New evidence-based recommendations provide guidance on when to give radiotherapy and chemotherapy to patients with nasopharyngeal carcinoma.
The guidelines, based on data from more than 100 studies, support offering intensity-modulated radiotherapy to all patients with stage II-IVA nasopharyngeal carcinoma. Recommendations for chemotherapy vary according to disease stage, tumor size, number of nodes, and contraindications.
The guidelines, released jointly by the Chinese Society of Clinical Oncology (CSCO) and the American Society of Clinical Oncology (ASCO), were published in the Journal of Clinical Oncology.
“For practicing oncologists in the United States, who often lack experience treating nasopharyngeal cancer, this guideline provides a useful, succinct summary of available evidence and expert recommendations. Nasopharyngeal cancer can be a technically and medically challenging disease to manage, and a multidisciplinary approach should be strongly encouraged,” said ASCO expert Randall J. Kimple, MD, PhD, of the University of Wisconsin–Madison.
“Much of the data guiding our treatment of these patients comes from endemic regions,” he continued. “How these data apply to patients in the U.S. remains a subject of ongoing study. Patients and providers should be encouraged to seek the opinion of a provider with expertise in the management of nasopharyngeal cancer.”
To compile “best practices” for treating nasopharyngeal carcinoma, the ASCO/CSCO expert panel conducted a literature search that included systematic reviews, meta-analyses, and randomized controlled trials published from 1990 through 2020. The panel identified 108 relevant studies and formulated their guidelines based on the evidence.
For all patients with stage II-IVA nasopharyngeal carcinoma, the guidelines recommend intensity-modulated radiation therapy with daily image guidance. The recommended dose is 70 Gy in 33-35 fractions over 7 weeks.
“This has been the standard approach at most institutions that treat a sufficient number of nasopharyngeal cancer patients each year,” Kimple said.
When adding chemotherapy to radiotherapy, two approaches are recommended. The first is induction chemotherapy followed by chemoradiation, and the second is chemoradiation followed by adjuvant chemotherapy.
“There are divergent opinions regarding the optimal approach in these patients, with slightly stronger data supporting the use of induction chemotherapy,” Kimple said. “For patients with earlier stage nasopharyngeal cancer (T1-2N1 or T2N0), chemotherapy can be offered, and is more strongly recommended for those with more advanced disease (T2N1, bulky disease, high EBV load).”
For patients receiving concurrent chemotherapy and radiotherapy, the recommended regimen is cisplatin given either weekly (40 mg/m2) or triweekly (100 mg/m2).
“The stated goal is to achieve a cumulative cisplatin dose in excess of 200 mg/m2 regardless of the approach taken. Several options were provided for patients with a contraindication to cisplatin,” Kimple said.
Patients with contraindications can receive nedaplatin (100 mg/m2 triweekly), carboplatin (area under curve, 5-6 triweekly), oxaliplatin (70 mg/m2 weekly), or fluoropyrimidines (capecitabine, 5-fluorouracil, or tegafur).
For induction, the guidelines recommend platinum-based chemotherapy. Options include gemcitabine plus cisplatin, cisplatin plus 5-fluorouracil, cisplatin plus capecitabine, docetaxel plus cisplatin, and docetaxel plus cisplatin and 5-fluorouracil.
“[T]here is less strong evidence regarding the optimal induction chemotherapy approach for patients with nasopharyngeal cancer. Several possible regimens (doublet or triplet) are offered, with the use of platinum-based regimens being the common theme,” Kimple said.
For adjuvant chemotherapy, the guidelines recommend cisplatin plus 5-fluorouracil or carboplatin plus 5-fluorouracil.
The guidelines also suggest that clinicians take into account a patient’s other chronic conditions when formulating the treatment and follow-up plan.

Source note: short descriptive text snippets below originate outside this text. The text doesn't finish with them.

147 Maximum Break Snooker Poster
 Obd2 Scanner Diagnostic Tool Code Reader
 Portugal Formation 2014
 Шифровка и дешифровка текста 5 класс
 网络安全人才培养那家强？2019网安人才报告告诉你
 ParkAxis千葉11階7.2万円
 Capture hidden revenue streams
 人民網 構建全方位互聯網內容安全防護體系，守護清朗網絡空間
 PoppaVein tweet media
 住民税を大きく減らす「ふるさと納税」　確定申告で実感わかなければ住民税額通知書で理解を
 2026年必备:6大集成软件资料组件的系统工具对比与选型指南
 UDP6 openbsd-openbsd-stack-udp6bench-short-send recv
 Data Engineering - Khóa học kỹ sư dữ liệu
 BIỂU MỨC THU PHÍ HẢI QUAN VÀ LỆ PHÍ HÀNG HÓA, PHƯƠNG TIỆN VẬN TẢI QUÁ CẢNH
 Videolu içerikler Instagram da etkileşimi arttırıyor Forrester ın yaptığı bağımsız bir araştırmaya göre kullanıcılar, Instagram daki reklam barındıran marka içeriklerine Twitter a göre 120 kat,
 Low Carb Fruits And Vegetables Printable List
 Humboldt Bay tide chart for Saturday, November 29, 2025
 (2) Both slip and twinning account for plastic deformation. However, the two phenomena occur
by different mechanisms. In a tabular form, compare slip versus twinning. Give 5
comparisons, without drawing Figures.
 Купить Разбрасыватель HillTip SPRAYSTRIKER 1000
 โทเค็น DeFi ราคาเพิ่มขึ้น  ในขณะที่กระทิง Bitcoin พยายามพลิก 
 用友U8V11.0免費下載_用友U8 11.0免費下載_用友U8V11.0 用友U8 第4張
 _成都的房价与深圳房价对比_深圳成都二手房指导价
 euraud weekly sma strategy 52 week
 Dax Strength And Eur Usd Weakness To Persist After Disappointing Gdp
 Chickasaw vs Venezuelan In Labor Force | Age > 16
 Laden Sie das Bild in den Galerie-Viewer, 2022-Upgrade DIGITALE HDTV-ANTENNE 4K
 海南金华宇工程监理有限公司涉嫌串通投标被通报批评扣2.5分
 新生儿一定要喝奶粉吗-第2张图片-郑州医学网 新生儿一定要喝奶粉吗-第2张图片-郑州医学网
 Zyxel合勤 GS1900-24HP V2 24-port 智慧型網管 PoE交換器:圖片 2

“Patients with multiple chronic conditions pose a particular challenge to guideline-based care due to being commonly excluded from clinical trials,” Kimple said. “Shared decision-making plays a key role in the recommendations for patients with multiple chronic conditions. In addition, nasopharyngeal cancer patients often have long-term toxicity associated with their care, and, thus, the availability of expertise and resources in management of this disease is important.”
Kimple disclosed relationships with Galera Therapeutics, Mele Associates, and Guidepoint Global. The guideline authors disclosed relationships with a range of pharmaceutical companies, as listed in the article.